Over the years, an abundance of studies have exposed how physicians' own racism plays out in the examination room with African-American patients. And now a new study finds that two-thirds of doctors harbored "unconscious" racial biases toward patients.

Historically, African-Americans have had a rocky relationship with the medical community. Think the Tuskegee experiments, forced sterilizations of Black women and Henrietta Lacks' cervical cells. And while those atrocities may not be happening in 2012, that doesn't mean that racial bias is completely null and void when it comes to the health of Black people.
Over the years there have been an abundance of studies that have exposed how physicians' own racism plays out in the examination room. A recent study adds more fuel to the fire.
According to a press statement, researchers from Johns Hopkins University School of Medicine analyzed audio recordings of interactions between 40 doctors and 269 patients of lower-income at Baltimore community health centers. The patients were primarily middle-aged women, and 80 percent were African-American. In terms of the doctors, 48 percent were white, 30 percent were Asian and 22 percent were African-American. Also, two-thirds of the doctors were women.
Researchers claim the doctors seemed to have positive attitudes about race, but when it came to how they treated their patients, the results were quite shocking. The Huffington Post wrote:
—Two-thirds of doctors have "unconscious" racial biases toward patients, when those biases were present.
—The doctors who have racial bias were more likely to talk over their Black patients, dominated the conversations about their patients' health, pay very little attention to their patients’ physical and emotional needs, and make patients feel less in control about their own choices in their health.
It’s crucial to point out that the doctor-patient relationship is an extremely important one, especially for African-Americans, who tend to have less access to quality health care. Your relationship with your doctor can contribute to your understanding of what your health issues are, your taking your prescribed medications every day and you feeling empowered to make the choices necessary in order to improve your health.
And while Lisa A. Cooper, M.D., M.P.H, the lead author, hopes that her findings will help bridge the gap between patients and their doctors, she emphasizes that the doctors in her study are not racist and have their patients’ best interest in mind.
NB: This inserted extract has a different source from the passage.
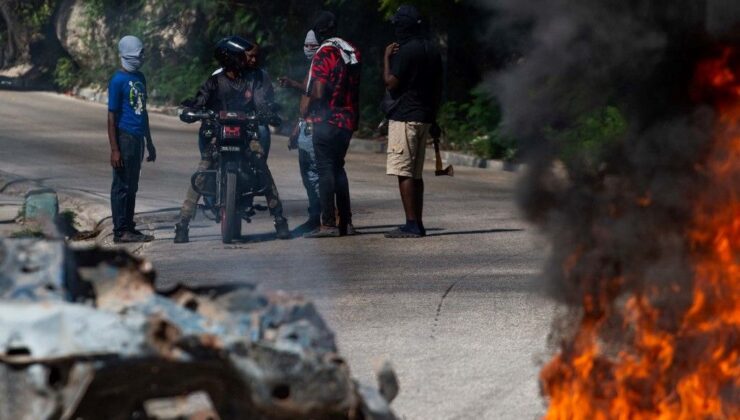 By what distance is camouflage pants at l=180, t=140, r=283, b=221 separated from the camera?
12047 millimetres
But John Hoberman, author of the new book Black & Blue: The Origins and Consequences of Medical Racism, completely disagrees with Cooper.
He told Huff Po, "Mainstream American medicine has absorbed traditional racial stereotypes about African Americans and produced misguided interpretations of black children, elderly black people, black athletes, black pain thresholds and other aspects of black minds and bodies."

 

Do you feel as if your doctor isn't listening or respecting you? Click here to read more about how to become an empowered patient.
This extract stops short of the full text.